Quem quiser relaxar no SPA após a farra gastronômica, terá de desembolsar, no mínimo, R$ 570 pelo tratamento facial mais barato. Um procedimento rejuvenescedor de 90 minutos com o produto da marca francesa de cosméticos de luxo Sisley, à base de rosas negras, sai por R$ 650. Massagens aromáticas com pedras quentes não custam menos que R$ 300.

A área de lazer composta por um centro fitness, piscinas interna e externa, bem como um kid’s club também fazem parte das instalações que têm 30.000 m².

“A proposta é diferente da hotelaria vigente do Brasil. Não é nem melhor nem pior. É diferente. Não estou desdenhando dos nossos concorrentes, mas o Palácio Tangará veio ocupar um lugar vazio no mercado. Somos mais que um quarto bonito bem decorado e de boa gastronomia”, diz o diretor geral do empreendimento, Celso David do Valle.

 

O hotel oferece 13 tipos diferentes de hospedagem. Embora as tarifas sejam flutuantes, atualmente, o menor valor da diária custa R$ 1.060 e o maior R$ 38.200. Todas as habitações têm acesso direto à vegetação do parque.

O menor quarto da categoria “Deluxe” tem 47 m² onde os hospedes podem usar as toalhas, os roupões e kits de banho da marca italiana Etro e são recebidos por espelhos gigantescos e sistemas de som que se conectam à SmartTV do quarto. Todos os jogos de cama são da marca Trussardi – o que consolida o propósito do hotel de utilizar materiais nacionais. Só o lençol de 300 fios da marca custa em média R$ 490 cada.

A riqueza está em cada detalhe. Um bilhete de boas-vindas com alguns macarons recebem os convidados na mesa principal do quarto. Ali também se encontra uma mensagem da governanta executiva — responsável por coordenar toda a limpeza do hotel, que vai desde os quartos até as áreas sociais. No chão, pantufas com a logomarca do Tangará e chinelos personalizados.

Mas nada se compara à suíte presidencial “Grand Suite São Paulo”, a maior e mais cara do hotel. São 530 m², sendo 280 m² de quarto e outros 230 m² de terraço. O espaço tem seis cômodos e parece um apartamento de luxo, com visa privilegiada, varanda ampla e decoração minimalista.

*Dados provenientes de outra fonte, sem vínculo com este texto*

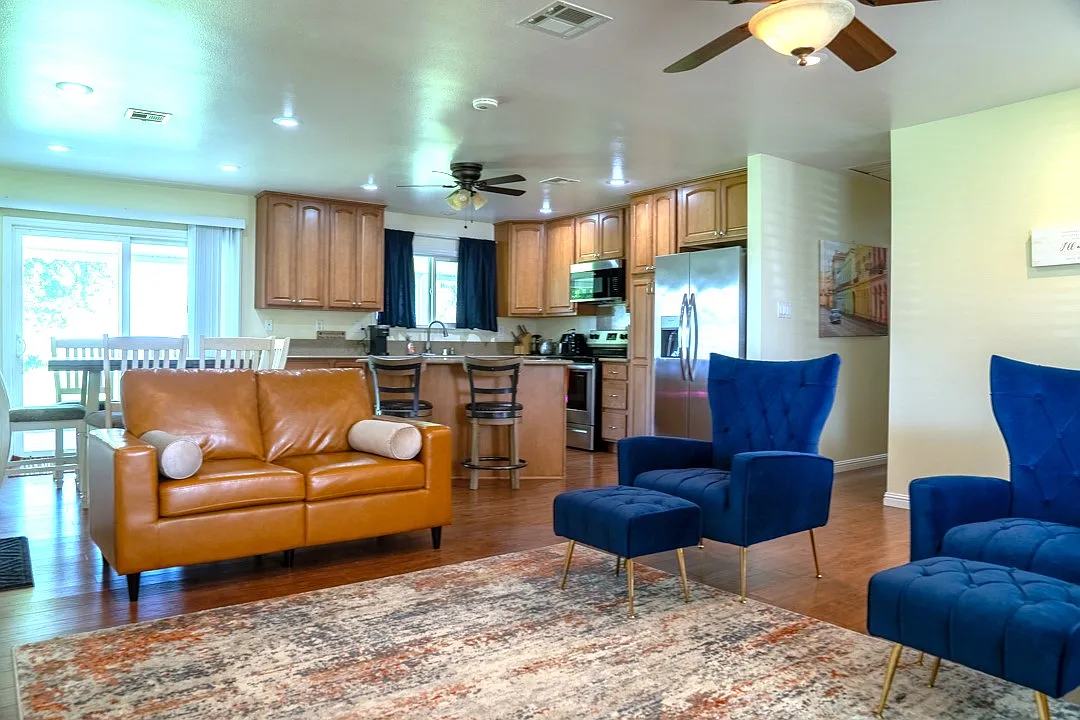 4 bed, 1296 sqft, $2,995 — Photo 4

A cozinha privativa é equipada com aparelhos modernos e o closet – totalmente espelhado – abre as portas para um banheiro recheado de produtos da Bvulgari. Para ficar no quarto, é preciso desembolsar R$ 30 mil.

O café da manhã tem uma oferta variada de frutas, pães, sucos e até champanhe. Os hóspedes, em sua maioria, já amanhecem vestidos como se fossem a um grande evento.

Embora o empreendimento de luxo esteja com poucos dias de operação, Celso revelou que a recepção tem sido extremamente positiva – mesmo com a atual crise econômica do país. “Um hotel é investimento de longuíssimo prazo. Se a gente pensar num momento ideal para montar um negócio, o país para”, avaliou o profissional.

Em resumo, o hotel cumpre o que promete. Se você está de passagem por São Paulo e deseja comemorar alguma coisa, a experiência é válida. Drinks, tratamentos estéticos, pratos do restaurante e qualquer outro pedido feito através do telefone do hotel são de alto padrão, por isso, prepare o bolso. Afinal, esse é o preço que se paga para relaxar como um rei em um palácio.